● **Exercise instructions**
Look through the records below for the line with "Rhodochrosite necklace with". Return that line and each one after it up to and including the line with "Geo Graphy 25", exactly.

● **Supplied material**
=== Begin Enclosure ===

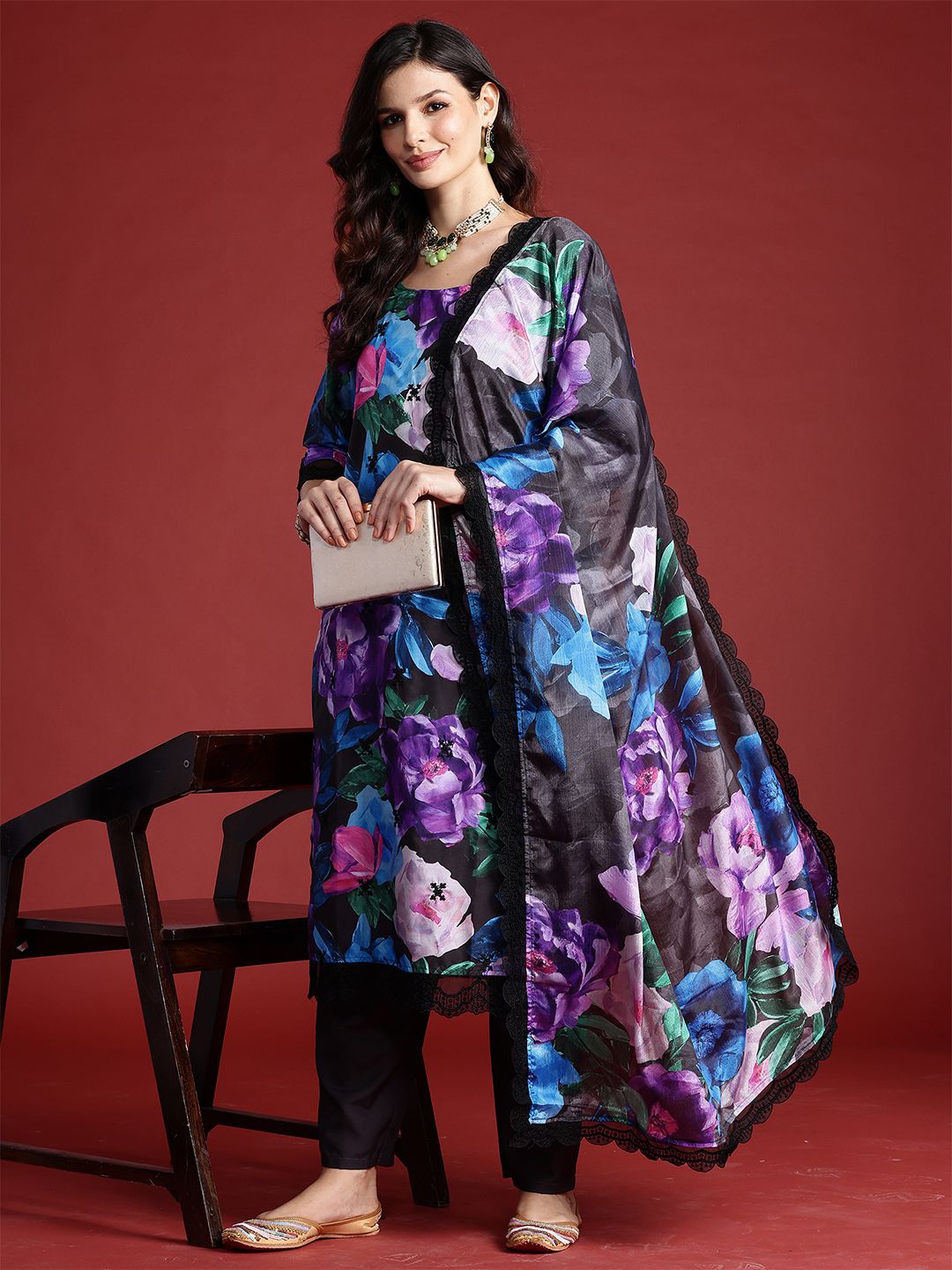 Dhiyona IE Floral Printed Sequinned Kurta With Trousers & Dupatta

=== End Enclosure ===
=== Begin Enclosure ===

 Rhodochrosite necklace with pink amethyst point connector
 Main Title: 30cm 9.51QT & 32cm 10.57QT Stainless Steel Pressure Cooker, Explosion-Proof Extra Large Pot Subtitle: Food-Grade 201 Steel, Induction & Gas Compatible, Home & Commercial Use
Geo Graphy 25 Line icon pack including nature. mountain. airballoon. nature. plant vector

=== End Enclosure ===

● **Worked solution**
 Rhodochrosite necklace with pink amethyst point connector
 Main Title: 30cm 9.51QT & 32cm 10.57QT Stainless Steel Pressure Cooker, Explosion-Proof Extra Large Pot Subtitle: Food-Grade 201 Steel, Induction & Gas Compatible, Home & Commercial Use
Geo Graphy 25 Line icon pack including nature. mountain. airballoon. nature. plant vector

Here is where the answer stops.